Workshop registration opens for members on February 27.

Workshop Overview

Painting from nature, out in the open, is a pleasurable challenge. It calls for a sustained effort of looking and repeated painting. The key to better painting is learning how to slow the mind in order to SEE, and then to flow with the tide of creation. This workshop on the repeated practice of looking and painting will take place between the studio and the open air. We will learn specific meditations, color mixing, painting wet in wet, Western and Asian composition strategies, using ebb and flow and seeing through momentary conditions. Playful experimentation and grounding in meditation will be integral to our workshop. Only expectations limit the possibilities.

About the Instructor(s)

A Northwest native, Jef Gunn studied drawing and painting in California through the 1970s and held residencies in Barcelona and Paris in the 1980s, and since the mid 1990s has engaged in a passionate study of Asian art, and related world views. With a balance of humor, broad knowledge and helpful insight, he is able to draw from each student their own natural way to paint, while bringing to bear practical instruction through contemporary and historical examples, especially from all periods and world perspectives. He's been teaching for 23 years.

Materials List: Students Bring

The following is a list of the bare necessities for painting in plein air. Primarily, you want your paints:

• a full complement of the primaries (*warm & cool), white and a few earth colors (yellow ochre, burnt sienna, raw or burnt umbre). Oils are recommended as the most versatile but you can work in acrylic too. Some students have chosen to work in watercolor or pastels. These are fine media and you are welcome to use them, but please know that I am not proficient in either so cannot offer much instruction beyond the elements common to all media, those of composition, color, inspiration and stillness.

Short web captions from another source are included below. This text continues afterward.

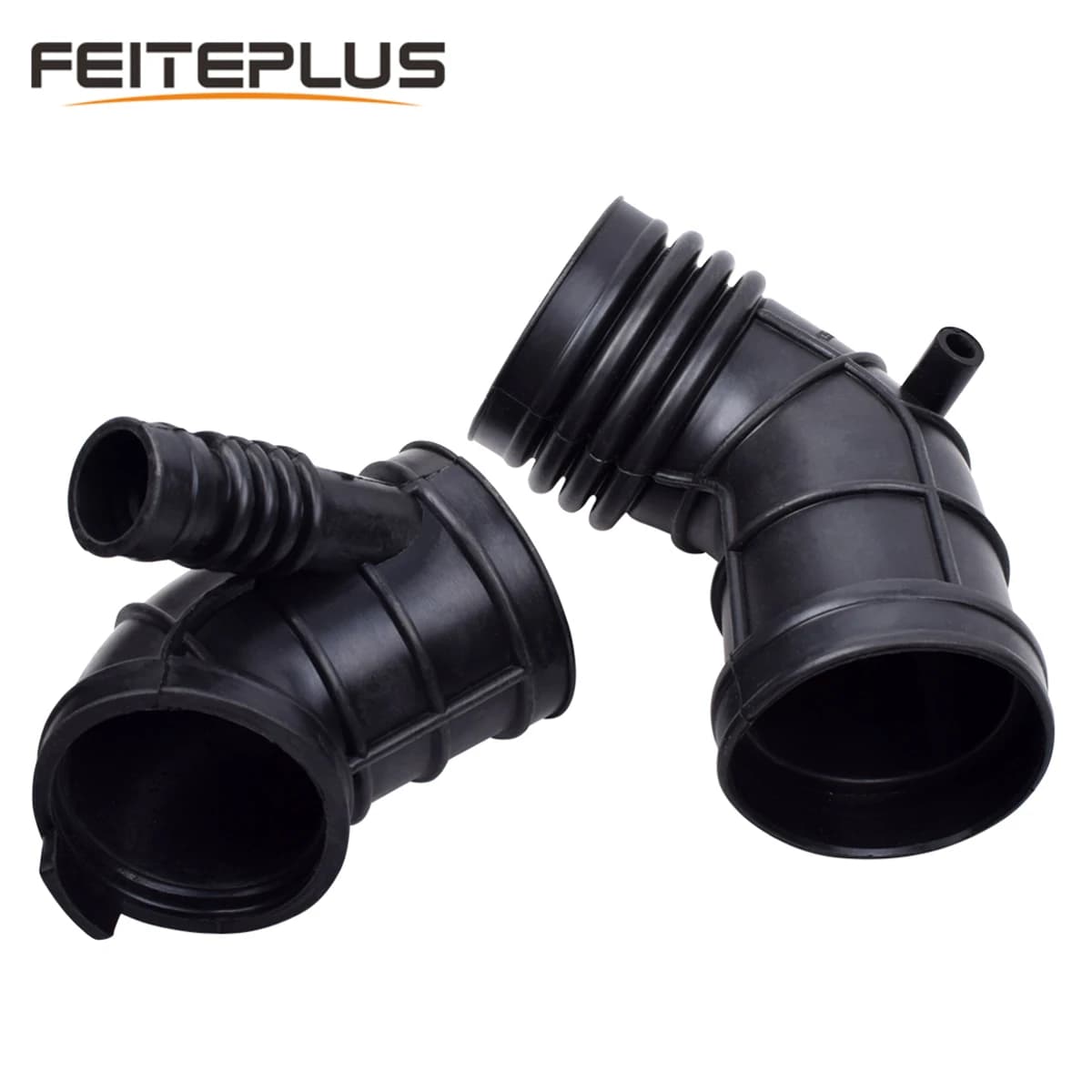 2Pcs Throttle Air Intake Boot Hose Pipe Fuel Connector Intake Pipe For BMW BMW E46 323i 325i 328i E36 Z3 13541705209 13541438759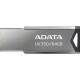 USB флеш накопичувач ADATA 64GB UV350 Metallic USB 3.2 (AUV350-64G-RBK) 
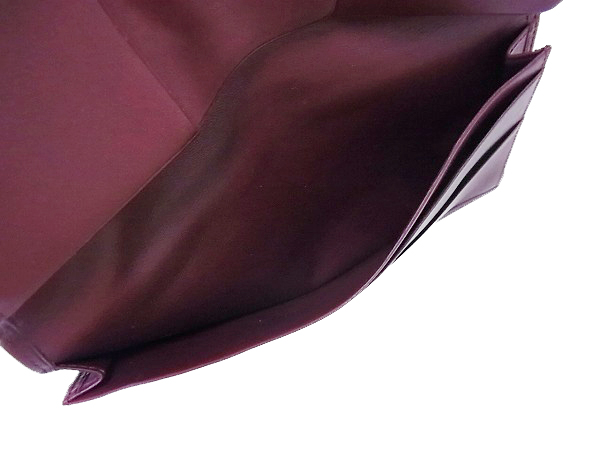実際に弊社で買取させて頂いたCartier/カルティエ マストライン 二つ折り長財布/K47782の画像 7枚目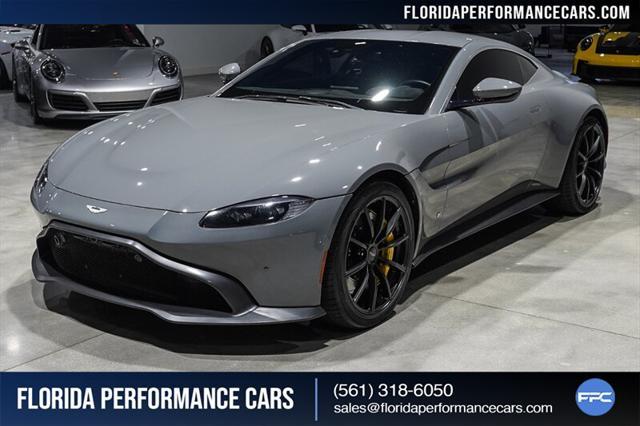 2019 aston martin vantage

• Don’t forget your brushes (you laugh!)

Other things you’ll want are:

• An easel that works in the out of doors. The best thing is a ÒFrenchÓ easel, a paint box with legs and a support for the panel or canvas. Julian is the old French maker and perhaps the best quality. Craigslist often has some at a bargain. Cheap ones are available, but are sometimes poorly made. A light-weight aluminum or steel easel can work as well, but should be anchored down in a wind with bungees. The Stanrite 300 is a great simple easel.

• Minimum 6 canvases or panels of similar size and format. Feel free to bring whatever size and format you feel good with (**See note below). Prime with pale grey, sienna, or brownish GESSO (***see note below)

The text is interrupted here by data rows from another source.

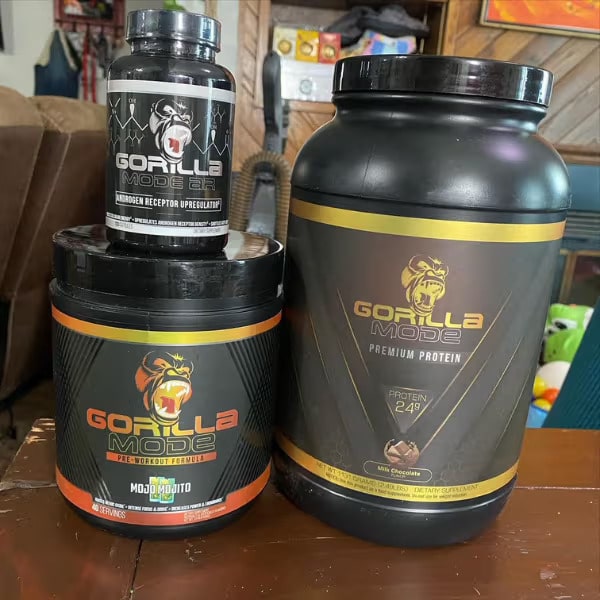 Gorilla Mode Pre-Workout Formula instagram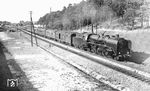 03 142 (Bw Rostock) mit D 12 nach Berlin bei Schwaan in Mecklenburg. (06.07.1934) <i>Foto: DLA Darmstadt (Bellingrodt)</i>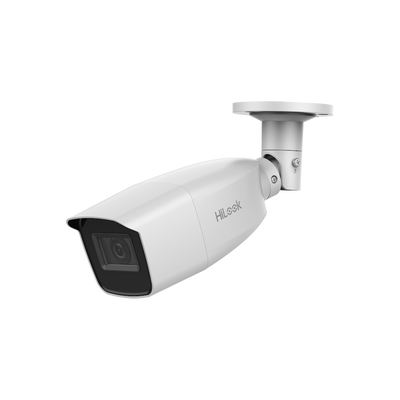 [THC-B320-VF] Bala TURBOHD 2 Megapíxel (1080p) / Lente Var. 2.8 a 12 mm / CLIMAS EXTREMOS / IR EXIR Inteligente 40 mts / Exterior IP66 / TVI-AHD-CVI-CVBS / dWDR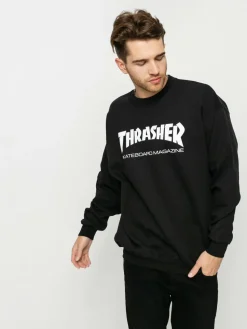 Thrasher Sweatshirt Skate Mag Crew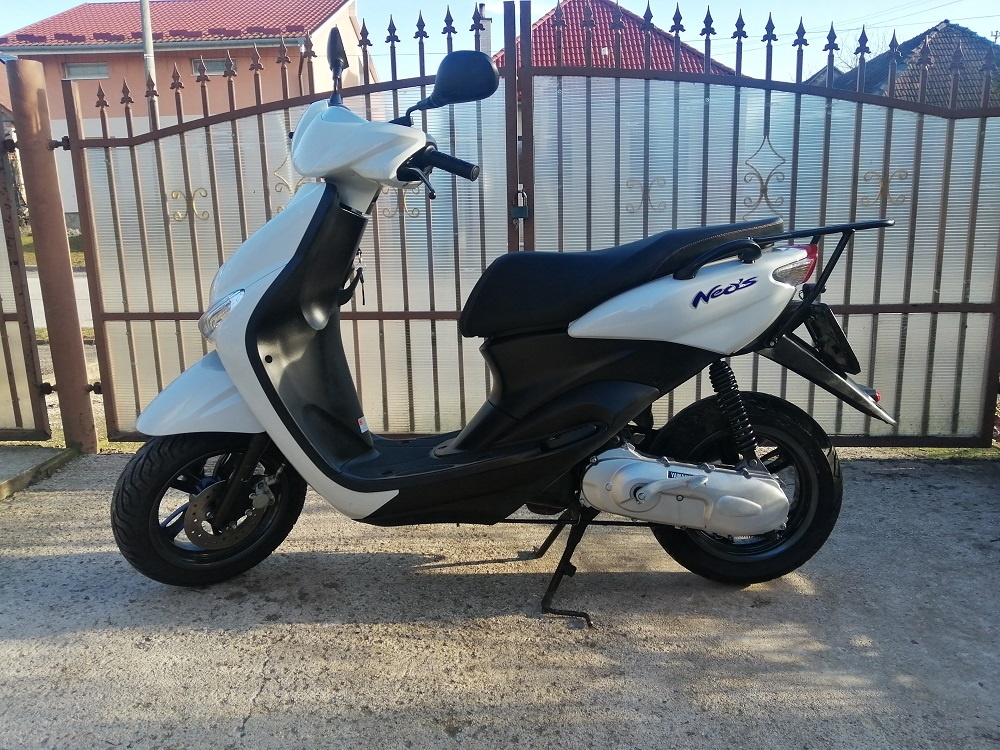 Skúter Yamaha Neos, ročník 2018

• Small container of solvent. There are airtight containers for cleaning brushes available in art supply stores.

• For acrylic or Watercolor: 2 cans for water, 1 stays clean to add to the paints and the other for dirty brushes

• At least a couple of palette knives for mixing and for painting. Please use metal with wood handles instead and not plastic.

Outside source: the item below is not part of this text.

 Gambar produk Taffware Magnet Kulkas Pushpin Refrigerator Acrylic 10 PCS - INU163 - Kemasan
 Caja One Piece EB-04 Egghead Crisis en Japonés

• Rags and cans or jars for solvent and medium. More rags.

• Lunch

• More rags

• Box or Bag or backpack for carrying stuff

OPTIONAL (helpful items):

• Canvas carriers with which you can carry two canvasses together

• Pizza boxes to carry small wet paintings or a rack to carry larger wet paintings

• Medium Galkyd or Liquin works fine. There are some handy gel mediums too. You don’t need a lot of medium. We will talk about mediums.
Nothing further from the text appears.